La fiction permet souvent à la résilience de s’exprimer, cicatrisant les plaies de l’esprit et atténuant les cauchemars. Pour surmonter le trauma de la guerre du Vietnam, Eugene Allen s’est construit un univers fictif, puisant dans son vécu et dans l’histoire des États-Unis les éléments d’un roman en forme de catharsis personnelle. De son expérience de la guerre, de l’assassinat de Kennedy pendant son troisième mandat et de la mort de sa sœur, dont la police a retrouvé le corps, abandonné au bord d’une route, il tire un récit immersif, sorte de bad trip à rebours, intitulé Hystopia. Il imagine ainsi une course-poursuite entre Rake, un tueur en série, et un duo de flics appartenant à la Brigade Psycho, l’agence fédérale créée par Kennedy pour neutraliser les « mal repliés », autrement dit les vétérans rétifs au traitement à la Tripizoïde, un stupéfiant puissant supposé permettre le repliement de leur stress post-traumatique en effaçant leur mémoire.
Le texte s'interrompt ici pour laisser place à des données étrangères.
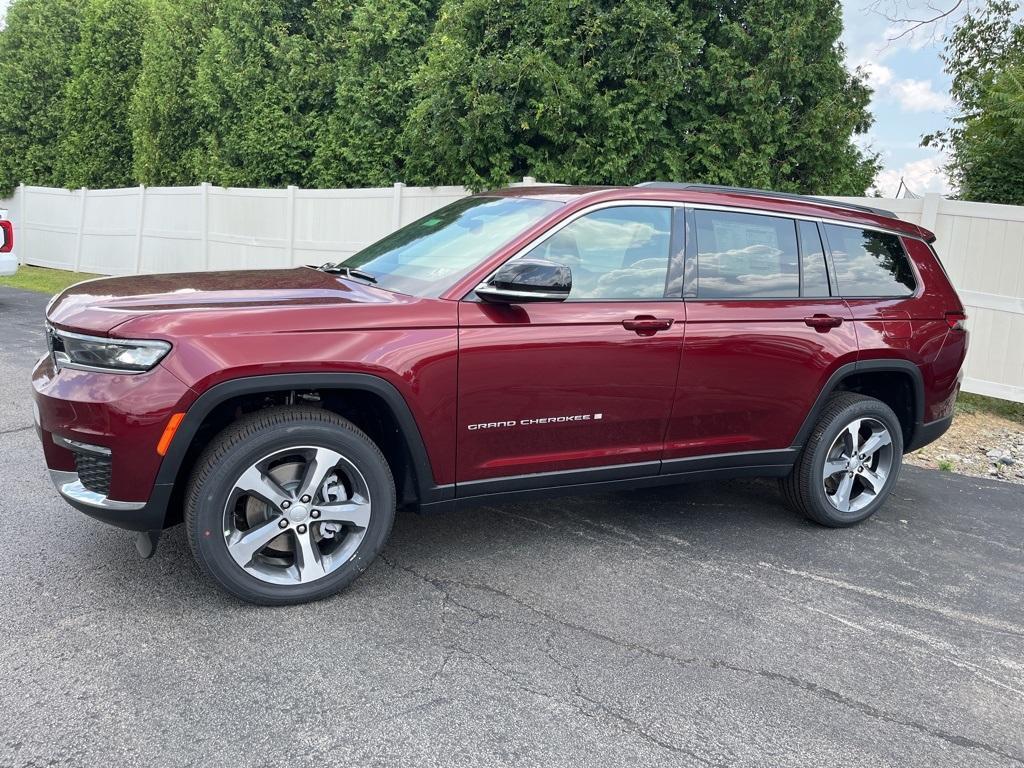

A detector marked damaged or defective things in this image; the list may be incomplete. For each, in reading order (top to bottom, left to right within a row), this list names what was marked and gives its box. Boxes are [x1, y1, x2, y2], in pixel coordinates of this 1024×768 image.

crack in asphalt [380, 557, 1024, 765]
Livre gigogne, uchronie personnelle et mise en abyme de la société américaine contemporaine, L’ Été de la haine est aussi le portrait d’une nation malade, incapable de surmonter ses multiples troubles après avoir longtemps flirté avec le déni de la prospérité. Avec ses gangs de motards ultra-violents, le Black flag, attirés par l’État du Michigan comme un aimant pour s’y livrer à des batailles rangées impitoyables, avec son président handicapé, rescapé de plusieurs attentats, avec sa guerre du Vietnam toujours plus meurtrière, pourvoyeuse de vétérans inadaptés dont on cherche à replier le mal être grâce à un traitement médicamenteux, avec ses cités en proie aux émeutes raciales et sociales, l’Amérique d’Eugene Allen apparaît comme le reflet décalé de celle de David Means. Une Amérique alternative où le Summer of Love cède la place à un Summer of Hate, libéré du joug chimique de la Tripizoïde et de l’illusion de la Nouvelle Frontière de John Fitzgerald Kennedy. Une Amérique où les dépliés, purgés de leurs traumas et libérés du carcan d’une société prospérant sur le mensonge et la frustration, optent pour une vie plus sincère, au son du Raw Power d’Iggy Pop et des Stooges.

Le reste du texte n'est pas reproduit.